2012 Candlewood Yacht Club Course Chart


Course name                 Mark Rounding Sequence

W1                                 W, L, Finish

W2                                 W, L, W, L, Finish

O1                                  W, S, L, W, L, Finish

O2                                  W, S, L, W, L, Finish



Courses are selected by the race committee on the water, and signaled to racers through a course name and approximate windward directions, selecting from N, NE, E, SE, S, SW, W, or NE.  These will be displayed on the committee boat with the course name on the top and the windward direction on the bottom.  In the example below, there would be 2 marks, with the first mark being north-west of the line.





W1, W2, O1, O2


N, NE, E, SE, S, SW, W, NW



·        All mark roundings are to port.

·        The passage between Skeleton Island (east most island) and Vaughn’s Neck may not be used by yachts while racing.  Doing so is automatic disqualification.

·        Crossing the start / finish line during the race (other than the start / finish) is automatic disqualification.

Guidance for Race Committee


Racing area chart. The central part of Candlewood lack shown above is the area designated in our permit for racing.  Magnetic North (13.3 degree declination) indicated used to gauge approximate windward direction.  This chart and associated landmarks can be used to identify position and direction on the lake.


Setting the course


An appropriate distance from windward to leeward mark is from 0.7 to 1 mile, or the range on this line: |----------------------||==to===|| 


Positioning the course is dependent upon the wind direction.  Note that the goal is to find an area with a good length in the direction of the wind, with minimum obstruction of the wind.  For example, if the wind is from the SW, the stretch between Bootlegger Island and Candlewood Isle would not be good, since it is both short and the wind is blocked by Candlewood Isle.  In that case the course should be moved to the NW, between Turtle Bay and Vaughn’s neck, or to the SE nearer Brookfield Bay.

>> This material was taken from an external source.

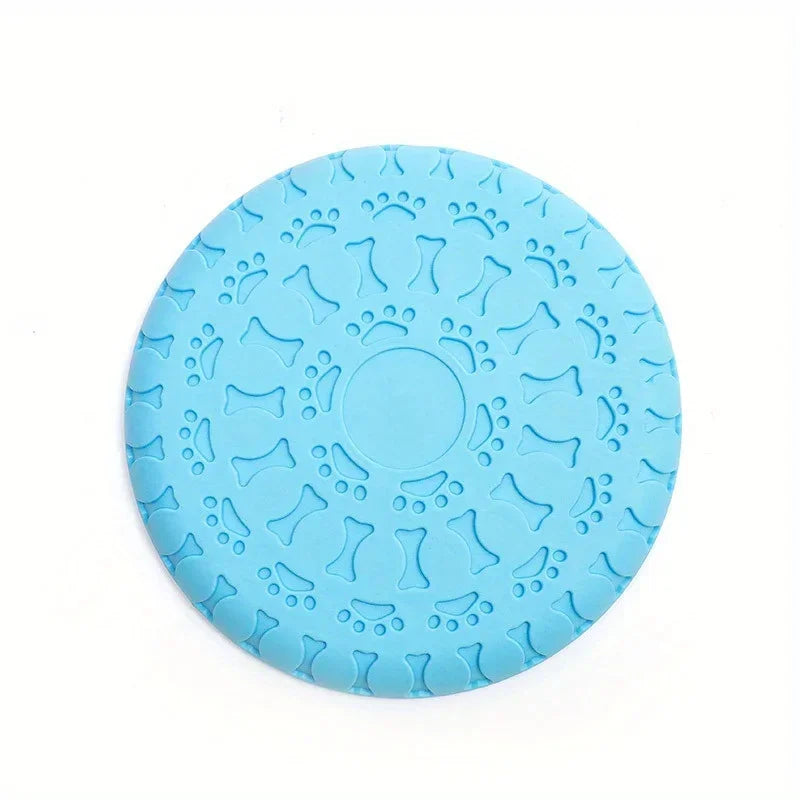 AUSIDAPET Rubber Dog Flying Disc, Pet Puppy Outdoor Sports Game Training Interactive Toy, Bite Resistant Dogs Chew Flying Disc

To set a good course, RC should first motor out and get a sense for the direction of the wind to determine the orientation of the course, then determine where the center should be and anchor in that position.  After settling at anchor, confirm the wind and plan the type of course and mark placement based upon the conditions and the strength of the wind.  If the course location does not have a good place for a side mark (O courses) then a windward-leeward (W) course is completely appropriate.  Note that the side mark is always on the left when facing windward.  Communicate the desired mark positions to the stewards, either by verbal direction or by marking on a chart and handing to them.  This is a good time to raise the RC flag, which will remain up for the duration.  When done with the marks, the stewards will set the pin on the port side of the committee boat, with the line being perpendicular to the wind.

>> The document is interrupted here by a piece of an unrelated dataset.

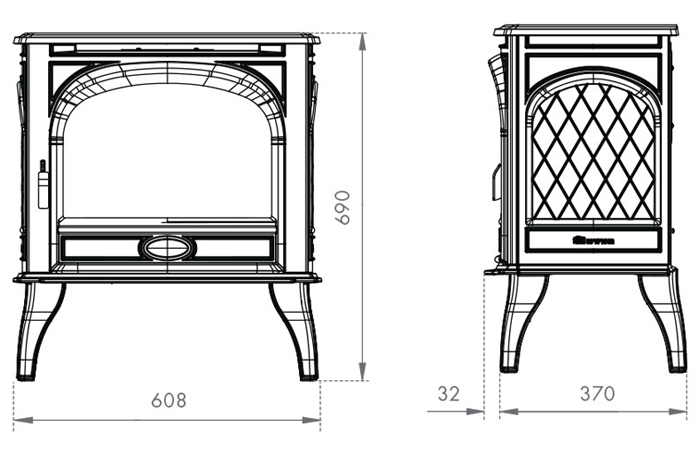 Dovre 425 Electric Stove Sizes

Once the course is set, make one more assessment of the wind speed and decide on the number of times around.  Note that an ideal duration of the race (start to first finish) is around 1 hour.   For a 1 mile windward to leeward this would mean that a 5-10 knot wind indicates once around, while 10-15 can afford twice around.  If in doubt, then select the shorter race for the first one, and if the finish is early (< 40 minutes) and a second start is 3:00PM or earlier, and the wind is not dying, then a longer second race would balance the day.


Starting the race


Once the course is set and posted, racers should come by and be known to committee.  Fill in a sheet for the race, listing committee, stewards, weather, and wind/course.  Log each boat by sail number and skipper if known, with Flying Scots on the bottom and all others in the cruiser class at the top.

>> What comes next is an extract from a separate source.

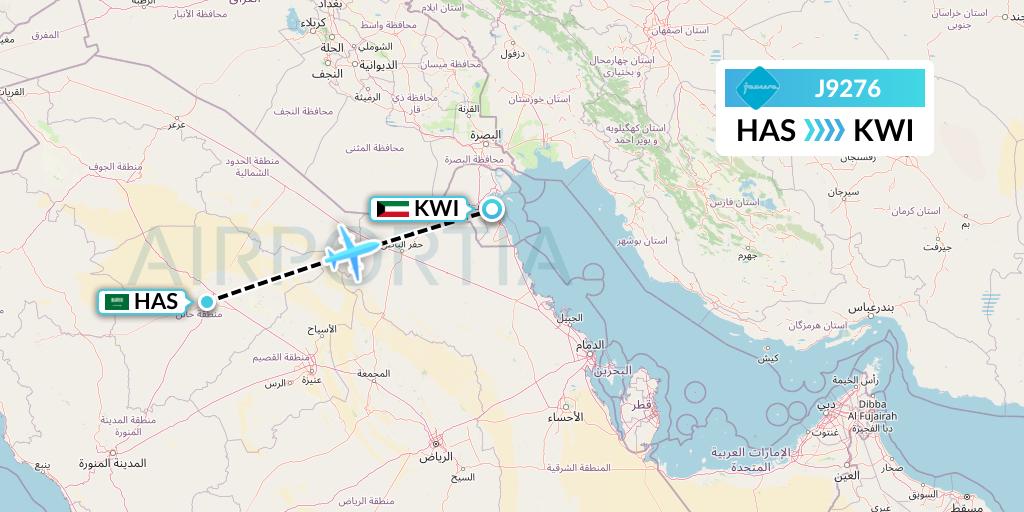 J9276 Jazeera Airways Flight Map: Ha'il to Kuwait City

When ready to start, plug the automated timer, making sure that the plug is well seated in the dash board, and make sure that you have the stop watch at hand.  When ready to start, simply press the start button, which will issue 4 blasts, followed a minute later by the start of a 5 minute sequence for the Scots, followed immediately by a second 5 minute sequence for the cruisers.   See the flag start sequence for the full timing of the starts.  The timer will issue a number of warning beeps and sounds, but the main ones are long single loud horns at -5,-4,-1,0 in minutes with 0 being the start.  The flag sequence is:

-5      class flag up

-4      prep flag up

-1      prep flag down

0        class flag down => race start

Boats must be downwind of the line (between the RC flag and the pin) leading up to the start horn and their bow must not cross the line before the horn.  Any boats over early should be hailed, and must come back across the line and head windward across it again.


Recording the race


On the horn to start the cruising fleet, start the stopwatch!  You will need to record the elapsed time to finish for each boat in the cruising fleet, and enter that on the race sheet.  As an additional precaution, it is a good idea to record the clock time of the cruiser start on the race sheet as a backup.  These finish times, along with each boat’s handicap, is used to determine the true finish order.  Crossing first does not necessarily mean winning.  For the Scots, simply record the order of finish.


Starting the second race must wait until all boats from the previous race have finished.  Be prepared and decide promptly what, if any, changes you would like to make for the second race.  If repositioning marks is called for, you can have the stewards start that process as soon as all boats have made a final rounding of the particular mark.


Generally we want to be in by 4:30, so starting a race after 3:30 is generally to be avoided.